Tuesday, April 18, 2006

My swimming head

An interesting subject line. My head isn't really swimming per se... just full of ideas.

I spent this morning (re-, in one case) reading a couple of books for my oft-mentioned book (hereafter OMB) - Back to the Sources: Reading the Classic Jewish Texts and Kitchen Cooks, Plate Twirlers, and Troubadours. The first chapter of my OMB has to do with working from a point of principle, as I may have mentioned. The principle, in this case, is that of tikkun olam, which is translated as repairing/restoring/healing (etc.) the world.

Now, before I proceed I will say that Dwight D. Eisenhower's admonition to Richard Nixon regarding the vice presidency (which I will not repeat - this is a PG blog) will eventually apply here, but I'm not a procrastinator in any sense of the word... yet, I've been carrying this book in my head, with not enough time to write it, for longer than I've ever carried any project. So - it feels like an eternity to me, and eventually it will be time to do the Eisenhower/Nixon thing. But not yet. Continuing...

Today, I'm thinking about writing this tikkun olam chapter. I find that I'm wrestling with several things - and I haven't yet started to write yet, so they will doubtless resolve themselves through writing (that always happens to me). They are these:

  • Academic convention would have me cite nearly everything I write. Yet, I don't know everything about tikkun olam, Judaism, etc. that there is to know ... and I never will. If I try to read everything that there is, I'll never do it, because...


  • Judaism is a culture (and a religion) based on intellectual dialogue and analysis. There is a loooong history in Judaism of discussion and debate with very little resolution - this is just the way it is.
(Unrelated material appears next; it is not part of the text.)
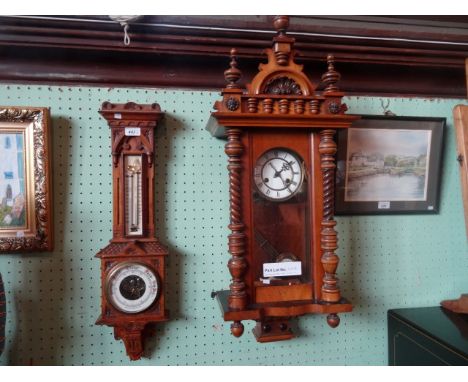 An early 20th century oak aneroid wall barometer, having carved decoration throughout (68cm), together with a mahogany Vienna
An example: one chapter in Back to the Sources focuses on Talmud, rabbinical commentaries on the Torah [the first five books of the Bible]. The chapter's author, Robert Goldenberg, is focusing on a portion of the Babylonian Talmud that asks, "From what time may people reciete the evening Shema From the hour that the priests come in to eat of their Heave-offering" (143). Referring to the Talmudic commentary - which is by several people and covers a large page (he writes that the effort to combine all of these ideas into a single whole "was undeniably a worth aim, but it has sometimes turned the Talmudic conversation into a gathering where everyone is talking at once [142]), Goldenberg says, "It may seem that this is all a practical discussion an effort to decide when in fact the time for Shema arrives and then to produce convenient test for determining whether that moment has come.

    It is important to keep in mind that this is not at all the true purpose of the passage... the practical question at hand is never explicity resolved, while the answer accepted by later tradition ... actually is provided in this passage but receives no particular attention" (143-4).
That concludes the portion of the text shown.